20.11.22

Wafatnya Asy-Syekh Abil Hasan Asy-Syadziliy R.A.

 Asy Syekh menjalankan dakwah dan mensyiarkan thoriqotnya di negeri Mesir itu sampai pada bulan syawal 656H/ 1258 M Pada awal bulan Dzul Qa'dah tahun itu juga, terbetik di hati asy Syekh untuk kembali menjalankan ibadah haji ke Baitulloh.  Keinginan itu begitu kuat mendorong hati beliau. Maka kemudian diserukanlah kepada seluruh keluarga beliau dan sebagian murid asy Syekh untuk turut menyertai beliau ketika itu asy Syekh juga memerintahkan agar rombongan bawa pula seperangkat alat untuk menggali. Memang suatu perintah yang dirasa agak aneh bagi para pengikut beliau. Pada saat ada seseorang yang menanyakan tentang hal itu, asy Syekh pun menjawab, “Ya, siapa tahu di antara kita ada yang meninggal ditengah perjalanan nanti.”

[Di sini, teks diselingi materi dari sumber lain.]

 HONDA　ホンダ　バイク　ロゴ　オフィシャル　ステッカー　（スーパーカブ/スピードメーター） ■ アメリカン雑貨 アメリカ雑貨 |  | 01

Pada hari yang sudah ditentukan, ' berangkatlah rombongan dalam jumlah besar itu meninggalkan negeri Mesir menuju kota Makkah al Mukarromah. Pada saat perjalanan sampai di gurun 'ldzaab, sebuah daerah di tepi pantai Laut Merah, tepatnya di desa Khumaitsaroh, yaitu antara Gana dan al Qoshir, asy Syekh memberi aba-aba agar rombongan menghentikan perjalanan untuk beristirahat. Setelah mereka semua berhenti, lalu didirikanlah tenda-tenda untuk tempat peristirahatan. Kemudian, setelah mereka sejenak melepas penatnya, lalu asy Syekh meminta agar mereka semua berkumpul di tenda asySyekh.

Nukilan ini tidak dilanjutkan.